Because these workshops are usually smaller than a full conference (we had around 50 participants in both workshops), we were conscious of the fact that it can get tedious to sit in the same room hour after hour, day after day. So, we organized specific breakout sessions where each workshop leader gave a presentation on a new tool or idea (finding Creative Commons images, for example) and the participants were split between the two sessions, and then we swapped groups so that everyone had a chance to learn the same things. It was nice to be able to work with a smaller group of people, and to be able to go into depth on one topic, while knowing that someone else would take care of the other one.
A Common Experience
Working with the same team of people, experiencing the same presentations and hands-on sessions means that everyone who attended had a shared experience, one they can reflect on together and remember well after the workshop. In a “normal” conference everyone attends different sessions and shares the ideas later, which is a great way to diversify experience, but there is something special about having gone through the same training together. It helps build your own understanding when you have someone to deeply reflect and discuss it with, and it ensures that everyone in attendance gets the same message.
Time to Talk
In both workshops we built in specific time for participants to digest what they were learning through focused questions, group conversation time, and just general “down time.” All too often conferences are go, go, go, with no time to think about what you’re learning or to make sense of it all. We tried to build in that discussion time so that participants felt like they walked away with something solidified in their mind, still new learning, but something concrete instead of completely fuzzy.
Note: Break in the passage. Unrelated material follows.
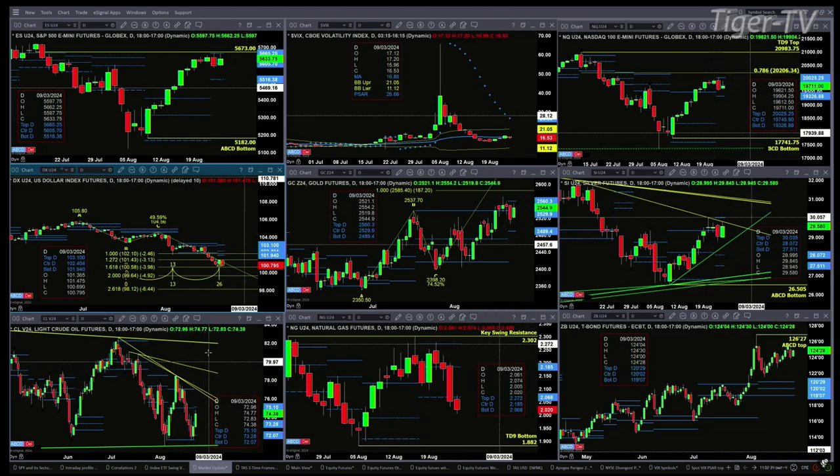Light Crude is also forming a new profile; its new resistance level is up at 75.10. Natural gas is trading below its profile for two consecutive sessions and should target the TD Nike, I'll bottom — that's the candle from August 5th.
This definitely does not mean that both workshops were perfect, I know I certainly have a lot to learn (as always), but I am so thrilled with the experiences and it’s great to start to understand better what actually works for teachers. Based on participant feedback, there are a few things, in addition to the above, that I know I need to always keep in mind:
- Giving participants a chance to choose their breakout sessions.
- Make sure the project is based on something that can actually be used in the classroom (not just an excuse to try new tools) following a sound curriculum planning process like Understanding by Design.
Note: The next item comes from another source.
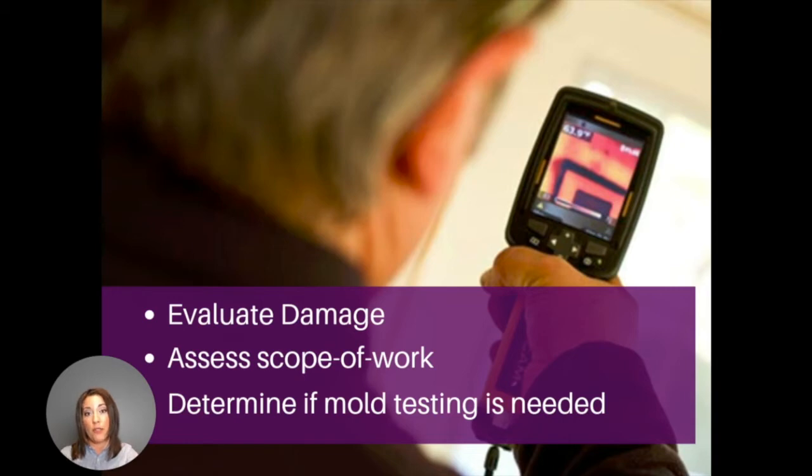Sometimes the first step is fixing a water leak or a moisture issue that is causing the mold to grow in the first place. If testing is needed, we can recommend a company. Once testing is complete, we are able to provide you with an accurate cost estimate for the mold remediation.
- Trust in the self-selection process for cohort grouping, but make sure the descriptions are crystal clear of what will happen in each group. Ensure that ability levels are a feature of group self-selection.
- Continue to utilize a variety of presentation styles and media formats (some direct presenting is good, some videos are good, some hands-on is good – mix and match throughout the workshop).
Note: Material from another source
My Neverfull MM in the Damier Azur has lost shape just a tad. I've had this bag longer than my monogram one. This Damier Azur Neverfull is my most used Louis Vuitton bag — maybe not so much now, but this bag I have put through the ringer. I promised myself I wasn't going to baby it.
- Model, model, model – if you say something works well in the classroom, do it in the workshop just the way you would in the classroom.
- Plan for sharing time, but make sure it’s in small groups (like SpeedGeeking) to keep the environment safe, rather than in front of everyone.
- Make sure workshops are voluntary, if not, make sure they’re during the regular work day.
I’m sure I’ll have the chance to both attend and lead more workshops over the coming years, and knowing the value of that time spent makes it all the more worth it to me!
Do you have any advice on what makes a good workshop? Am I missing anything from the list?